▸ Assigned task
Retype word for word the stretch of entries below from the line that has "Two-Day Server Takeover" through the line that has "Clarisonic Sonic Radiance", and omit the pictures.

▸ Image-text web data
>>>>>

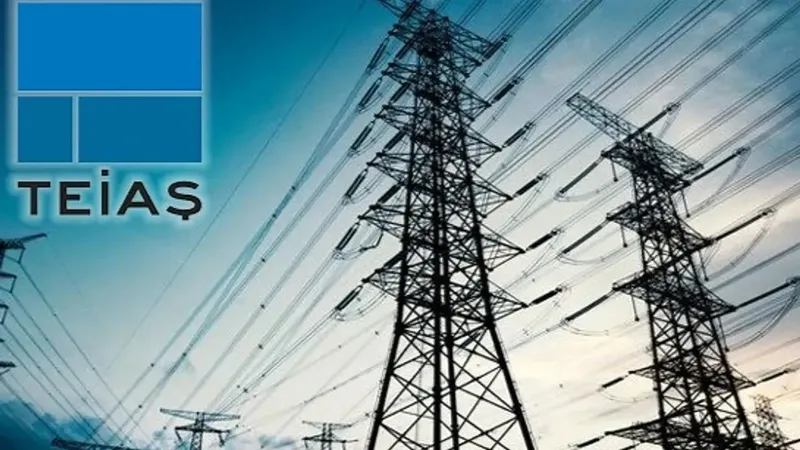 TEİAŞ İşçi Alımı Sonucu ve Taban KPSS Puanı Açıklandı Mı? İşte Mülakat Tarihi-3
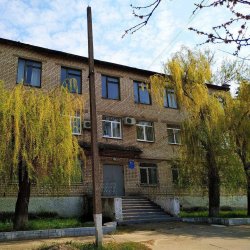 В Луганской области из-за отказа от прививок 9 детей заболели корью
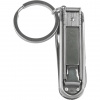 Zwilling Maniküre 4 in 1 Multi-Tool
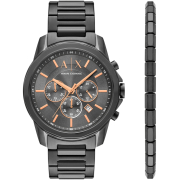 "Armani Exchange" AX7170SET
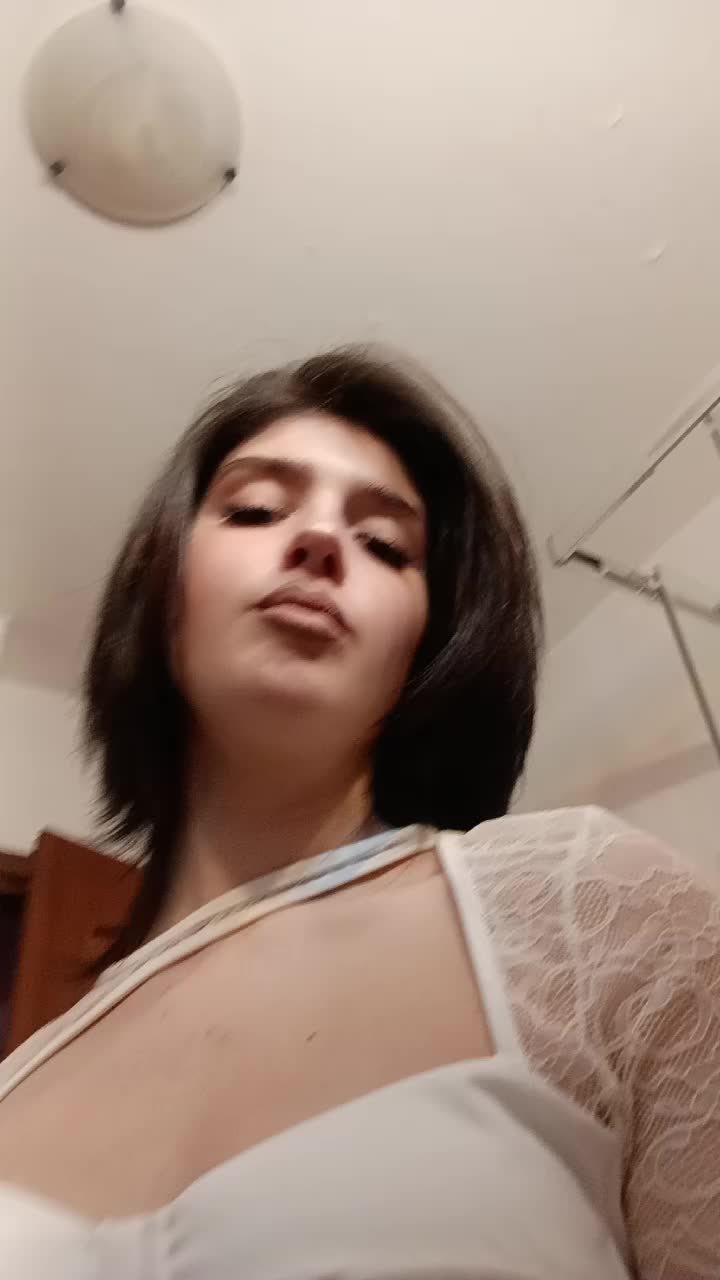 @giosntn__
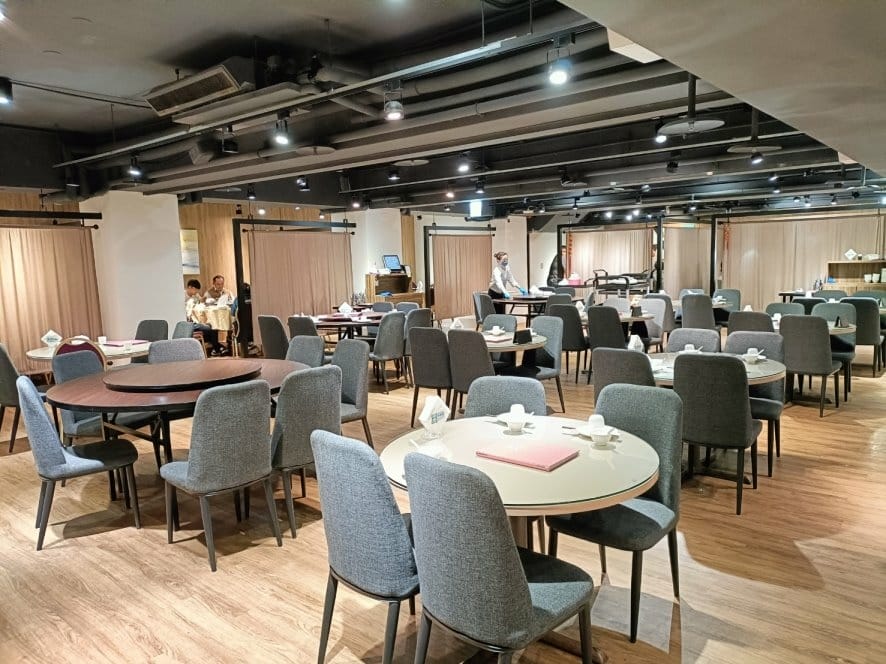 IMG20230312134405_16.jpg IMG20230312134405_16.jpg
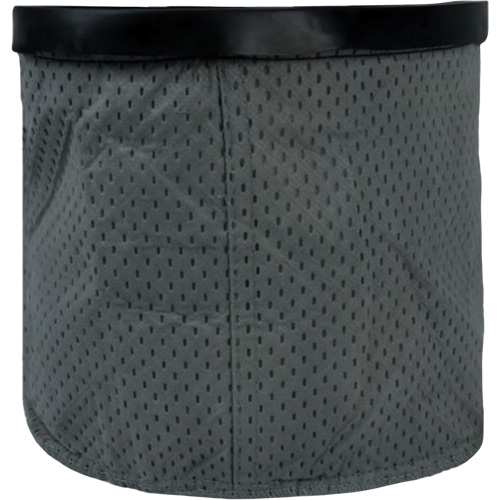 Ergo and Ergo Pro Backpack Series Shake Out Bag Fastek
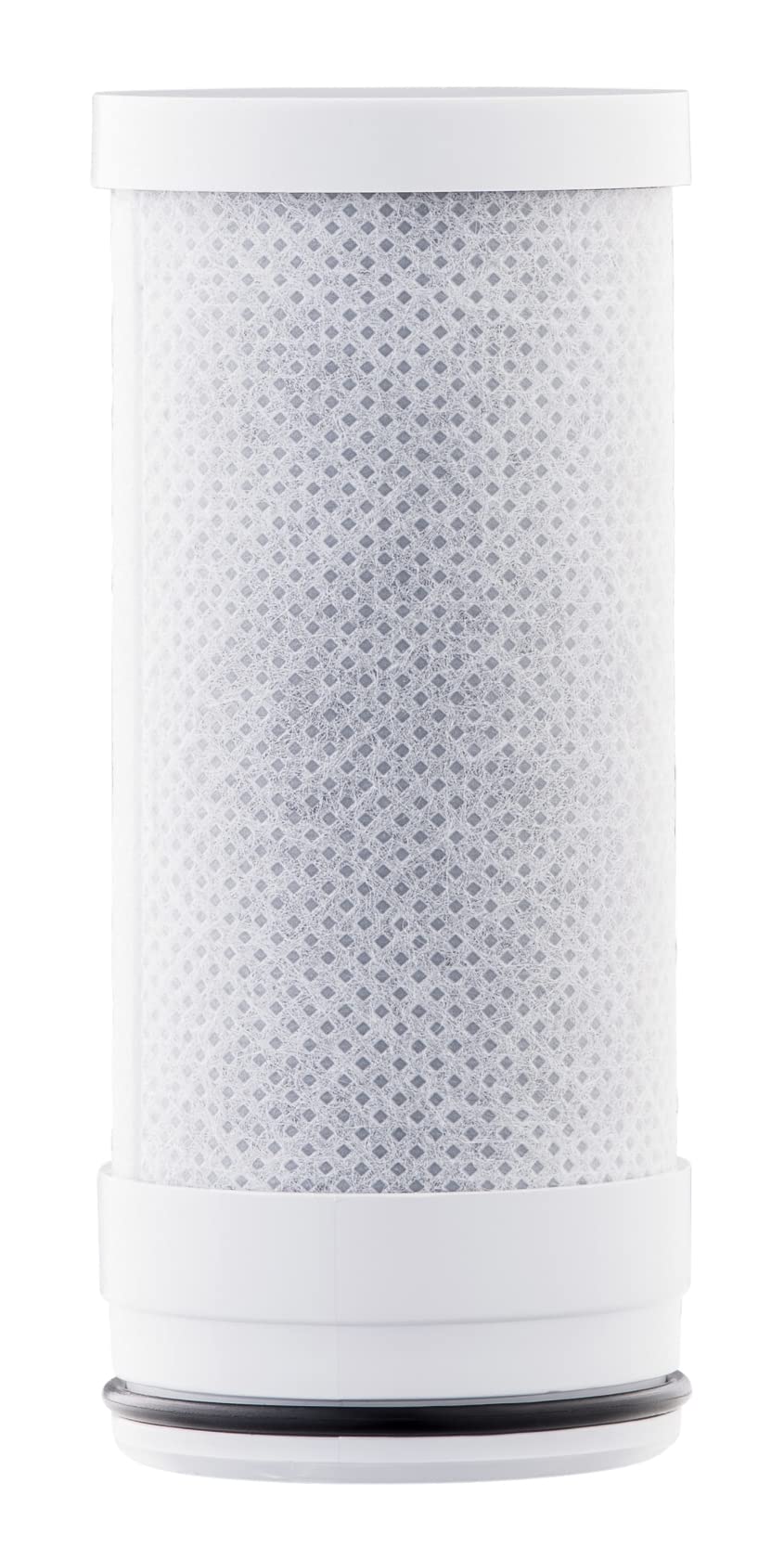 Mist Replacement Faucet Filter for Mist MFS094 and MFS095 3 Pack Carbon Block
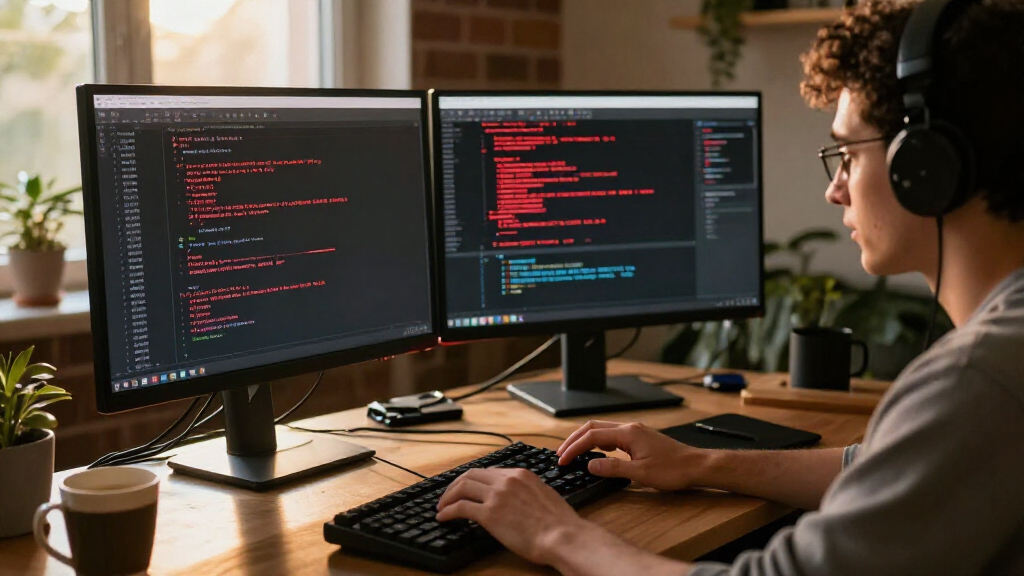 When “AI-Assisted” Meets PHP2Shell: Inside A Two-Day Server Takeover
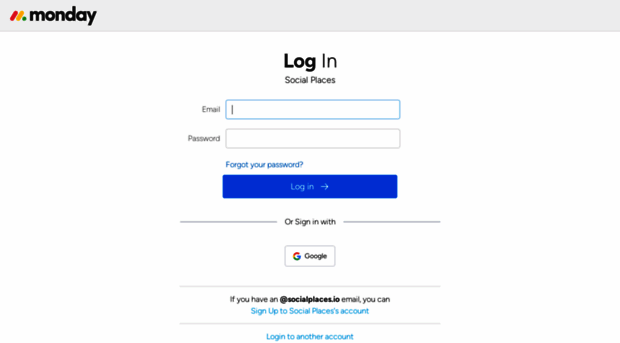 socialplaces.dapulse.com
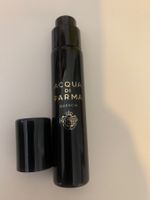 Acqua di Parma Quercia for Men 12ml..NEU UND UNGEBRAUCHT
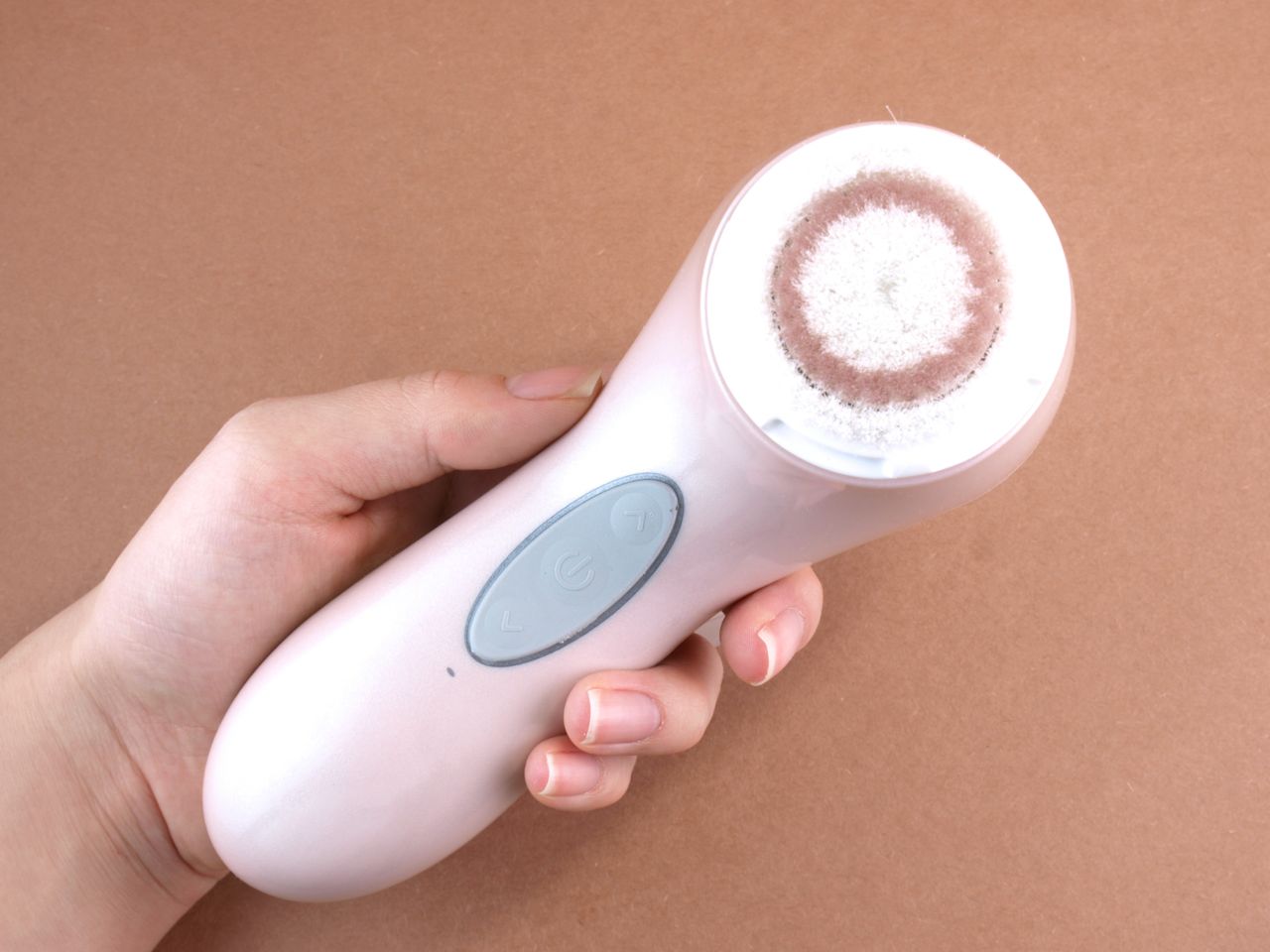 Clarisonic Sonic Radiance Brightening Solution Kit featuring Clarisonic Aria: Review
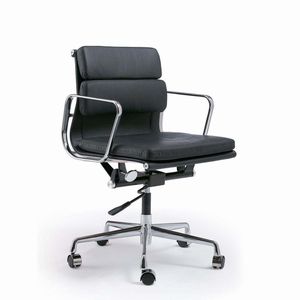 イタリアスティールライン社製デザイナーズ家具Design900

<<<<<

▸ Task answer
 When “AI-Assisted” Meets PHP2Shell: Inside A Two-Day Server Takeover
 socialplaces.dapulse.com
 Acqua di Parma Quercia for Men 12ml..NEU UND UNGEBRAUCHT
 Clarisonic Sonic Radiance Brightening Solution Kit featuring Clarisonic Aria: Review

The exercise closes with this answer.